The company, which is owned by the Italian conglomerate Finmeccanica, the world’s ninth-largest arms firm, is a significant employer in Britain, with 2,000 staff in Scotland and manufacturing bases from Bristol to York. Its clients include governments with poor human rights records including Saudi Arabia, Bahrain, Pakistan and the United Arab Emirates.

Anti-arms trade campaigners said the involvement of Selex ES in a major sporting event was immoral and part of a pattern of defence companies that sell to repressive regimes seeking “legitimacy” by involvement with high-profile events.

The company, which also supplies radar technology for drones used by Israel, is also a sponsor of this month’s Edinburgh International Science Festival. Finmeccanica ended its sponsorship of the National Gallery a year early in 2012, after criticism that the gallery was being used to host arms trade-related functions.

Andrew Smith, of Campaign Against Arms Trade, said: “This is the latest example of arms companies using public events to try to give themselves legitimacy. Selex is a totally unacceptable partner for any family or educational events, whether it is the Commonwealth Games or the Edinburgh Science Festival. Their weapons have been supplied to strengthen dictatorships across the world.”
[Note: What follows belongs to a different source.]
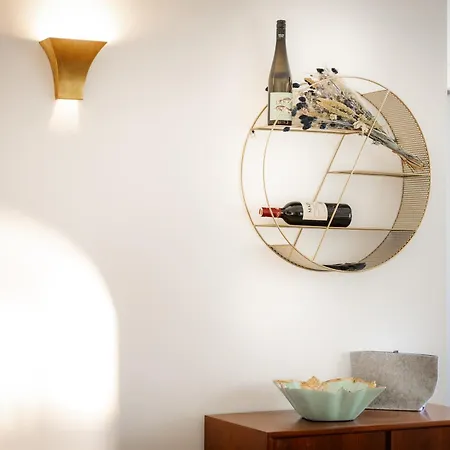 Apartment Denis - Stylisches Premium Altstadt-apartment Mit Hafenblick & 2 Baedern Grado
Dr Stuart Parkinson, executive director of Scientists for Global Responsibility, said: “Companies such as Selex are trying to get their names recognised in society for positive things and thus deflecting some of the criticism that is aimed at them.”

The organising committee of the Glasgow Games describes Selex ES as its “official protective perimeter security provider” as well as a member of the event’s “sponsor family” and an “official supporter”. Its installations, funded from a £90m security budget, are due for completion by early July ahead of the start of the Games on 23 July.

The technology company, which has a base in Edinburgh, specialises in state-of-the-art electronics and sells its missile and weapon control systems around the world.

It recently sold dual-use radar technology to Bahrain, which has been strongly criticised for its human rights record. The company’s regional marketing manager said earlier this year that Bahrain has “requirements for sophisticated defence-electronic equipment that we are perfectly positioned to meet”.

The company has put particular emphasis on its expertise in the field of drones and has sold its Falco surveillance drone to Pakistan and Saudi Arabia. In publicity material, Selex ES says it is “working to position itself as one of the main players in the fast-evolving and growing market” for unmanned aircraft.

The company has also supplied surveillance radar for the Hermes 450, an armed drone used by the Israeli military.

A spokesman for Selex said they “reject the allegation that it strengthens dictatorial regimes”, adding that the company supports the Government’s approach to export sales and “will not sell its systems and technology to customers that do not meet these right and proper criteria”.

A spokeswoman for Glasgow 2014 said: “Selex ES has a strong record of supporting the security needs of large events ... Their expertise will support the delivery of a safe and secure Games in Scotland.”